Owl Diaries is a chapter book series by Scholastic. This is another series in the Branches imprint.
It is written in diary format from the point of view a young owl girl, Eva Wingdale. She has a best friend called Lucy. Sue Clawson is the enemy. In her diary, Eva records all of her likes and dislikes, relationships with family and friends, and her daily routine, as well as her experience trying to plan a spring festival for her “owlementary school.” (Treetop Owlementary.) She has strong opinions and is thoroughly likeable. Puns and illustrations abound.

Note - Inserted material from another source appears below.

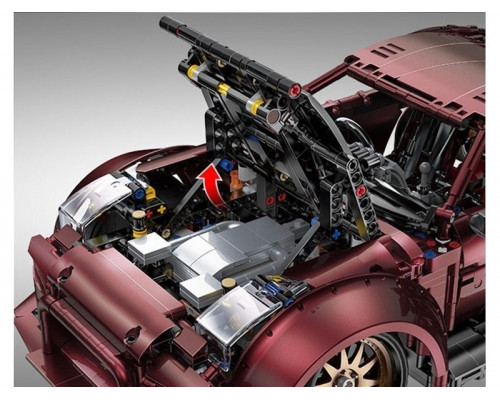 Конструктор RCM автомобиль RED TURBO Super car (2238+ деталей)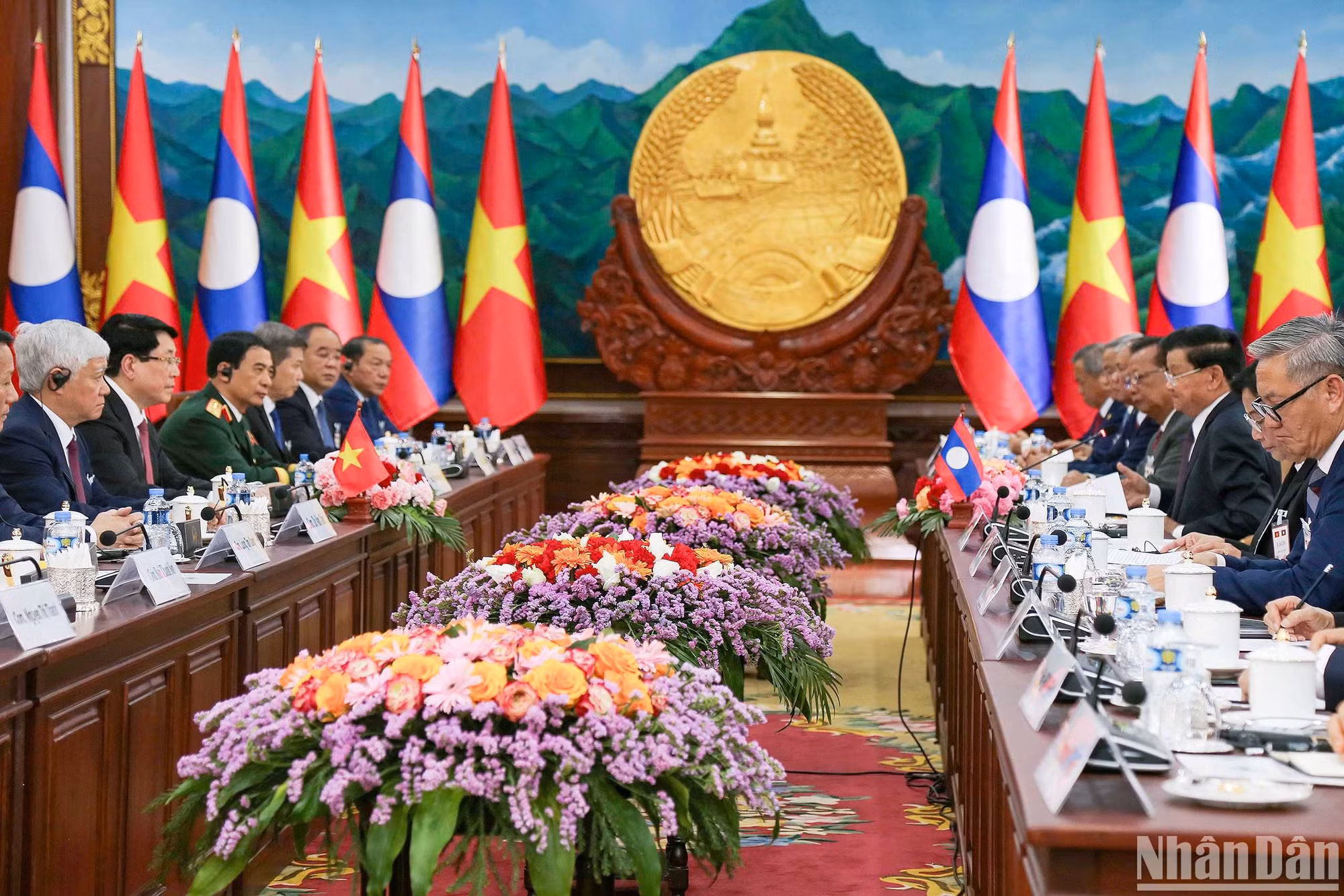 Quang cảnh buổi hội đàm.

Designed to appeal to girls ages 5 to 8.
In book #4, a new owl named Hailey starts in Eva’s class at school. Eva is always happy to meet new people, and she’s excited to make a new friend! But the new owl befriends Lucy instead of her. So Eva gets jealous. Lucy is Eva’s best friend! Will Eva lose her best friend? Or can Eva and Lucy BOTH make a new friend?
(I think in cover copy, the answer to a rhetorical question is always ‘yes’.)

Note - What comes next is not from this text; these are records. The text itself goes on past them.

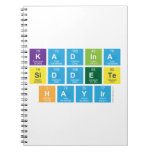 Kadina 
 Siddete
 Hayir  Notebooks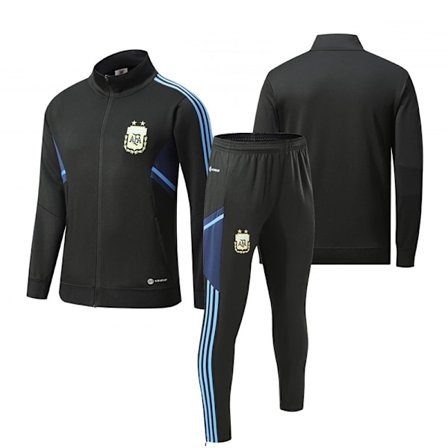 2324 Fotballtreningsdress Langermet Voksen Ståkrage Lang Glidelås Høst- og Vinterdrakt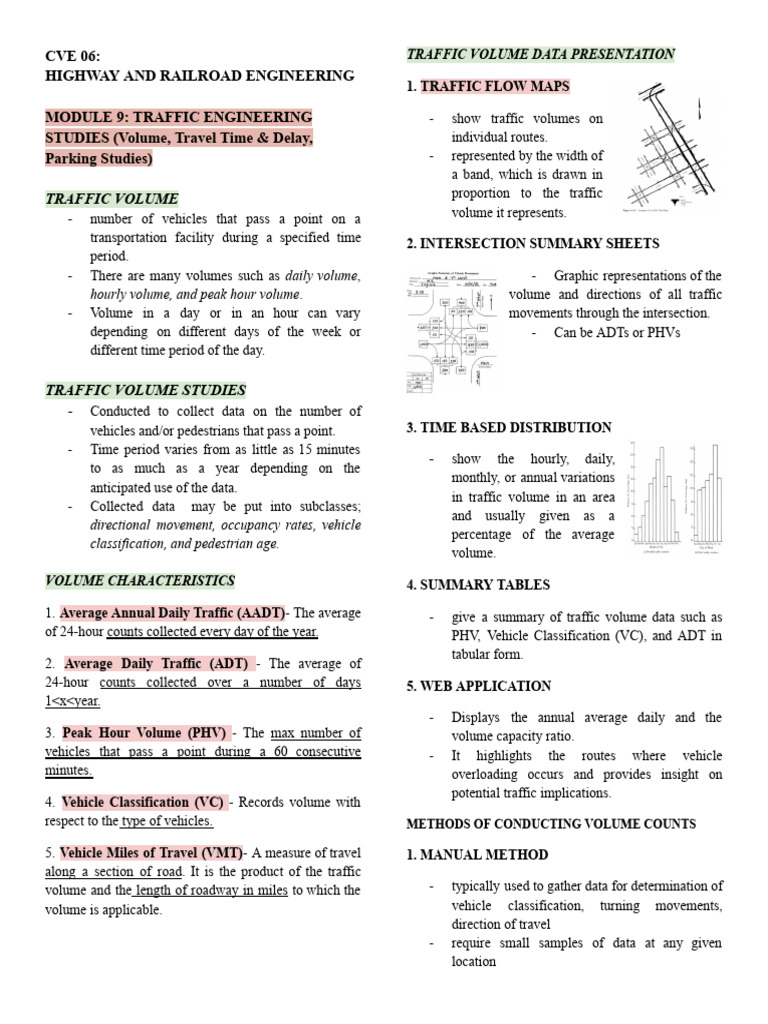 Traffic Volume and Delay Studies | PDF | Traffic | Intersection (Road)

There are two plot threads in this one.
Plot One: Eva’s class has started a newspaper. Eva is a reporter. Other classmates have other jobs for the paper.
Plot Two: Eva’s class will be welcoming a new owl, Hailey. Eva really, really, really, really wants Hailey to be her friend. In her mind, the two are already close friends. Eva makes her a welcome necklace and a special drawing—a map. But when her plan to change seats so that Hailey can sit by her backfires—Hailey chooses to sit in Eva’s old seat, the one by Lucy, Eva’s best-best friend, Eva is left confused and frustrated. No matter how hard she tries, Hailey is not becoming her best friend. And Lucy and Hailey are becoming closer and closer and closer. Eva finds herself alone but all is resolved in the end.
The life lesson is “never overlook your old friends when trying to make new friends. Adult gatekeepers love it when chapter books contain life lessons, which is a problem Ivy + Bean sometimes has because those two are sneaky little shits at times and go completely unpunished.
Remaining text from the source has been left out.